DATASET EXTRACT ▸

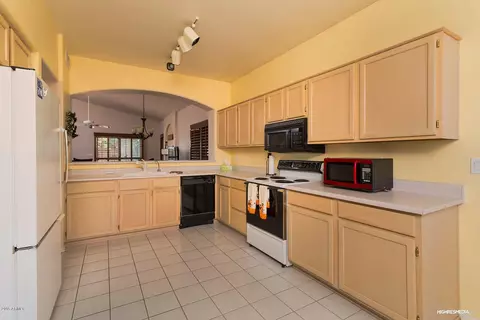4627 E Michelle Dr, Phoenix, AZ 85032 photo 7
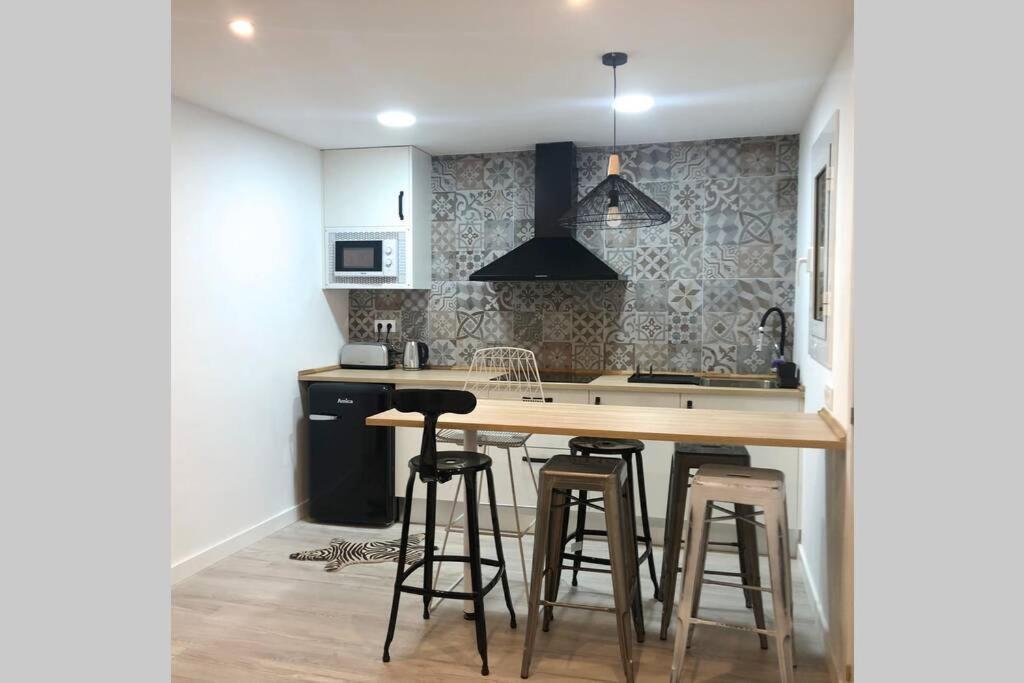 Appartamento M5 Cool Terrace. Metro 1 Min. Center 15' By Metro Esplugues de Llobregat Esterno foto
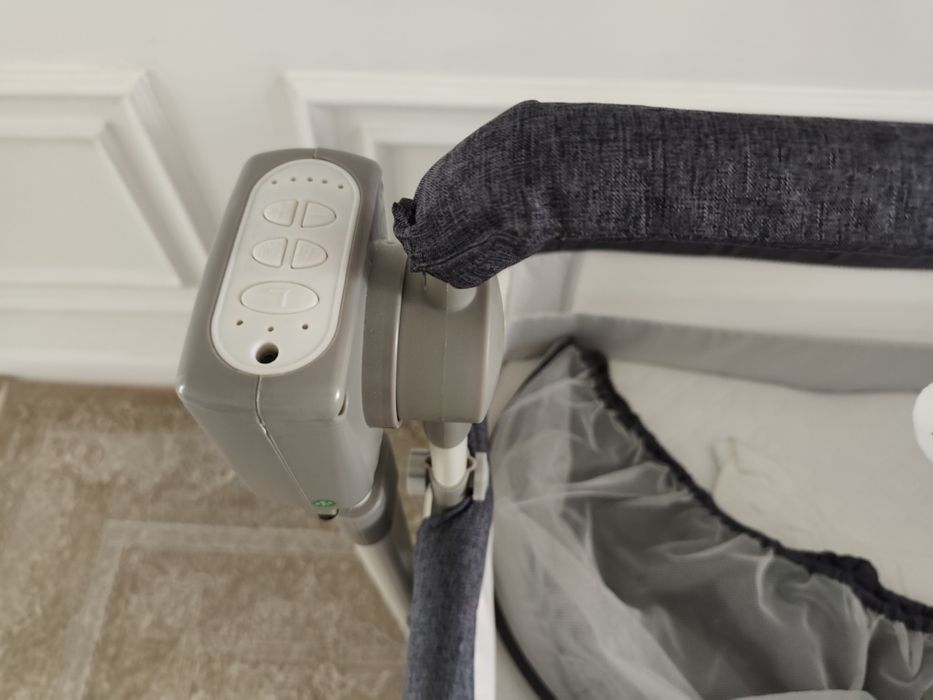 Детская смарт кроватка-манеж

TASK ITEM ▸ Once the pictures are removed, copy the listing exactly.

ANSWER SPACE ▸
4627 E Michelle Dr, Phoenix, AZ 85032 photo 7
 Appartamento M5 Cool Terrace. Metro 1 Min. Center 15' By Metro Esplugues de Llobregat Esterno foto
 Детская смарт кроватка-манеж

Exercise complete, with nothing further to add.